- PROBLEM REQUIREMENTS: Print out the data below in full and exactly, skipping the pictures.

- INFORMATION PROVIDED:
________
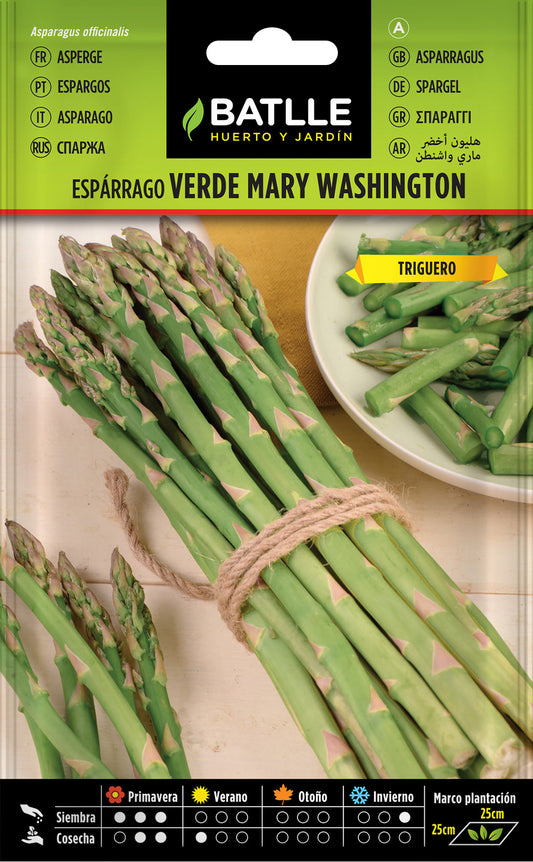 Asparagus Seeds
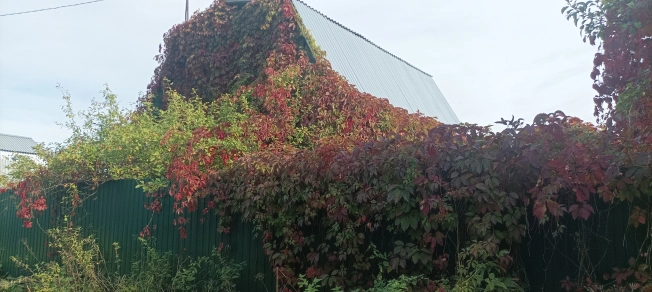 Купить земельный участок в Владимире. Вариант № 3876728, 5, площадь -  квм, цена 700000 рублей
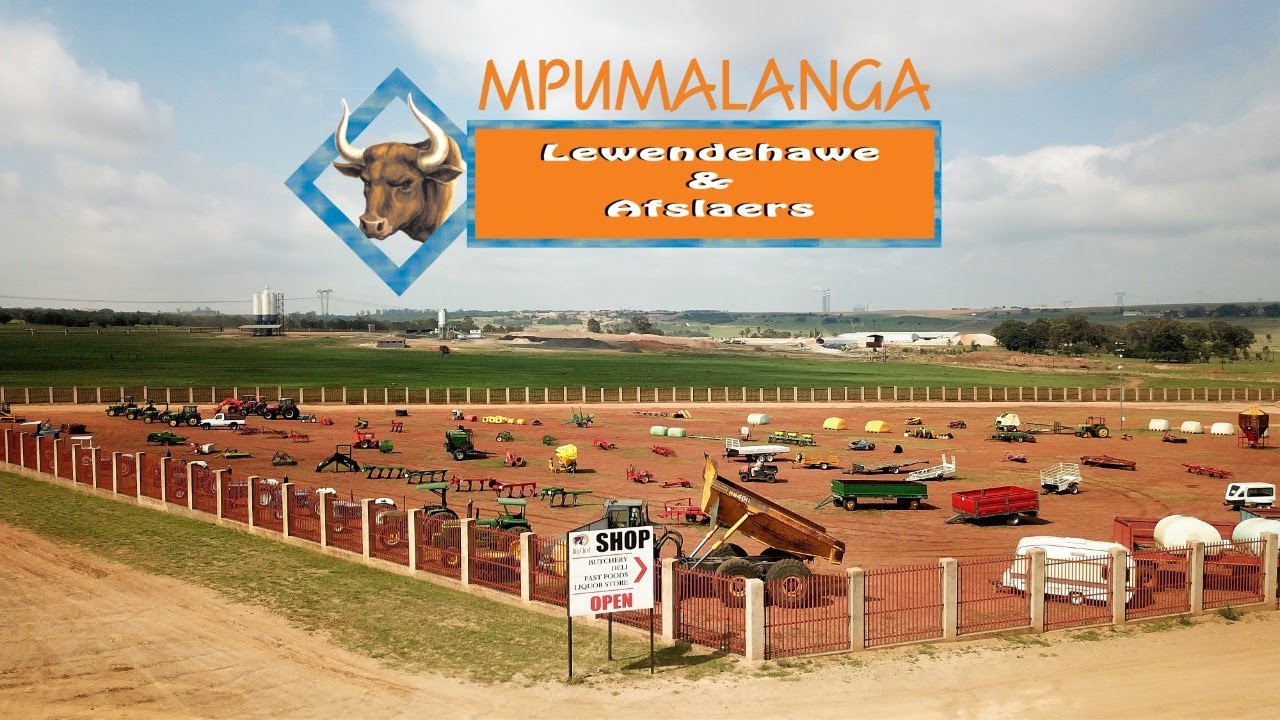 MPLH Balmoral Site Promo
________
- EXERCISE ANSWER:
 Asparagus Seeds
 Купить земельный участок в Владимире. Вариант № 3876728, 5, площадь -  квм, цена 700000 рублей
 MPLH Balmoral Site Promo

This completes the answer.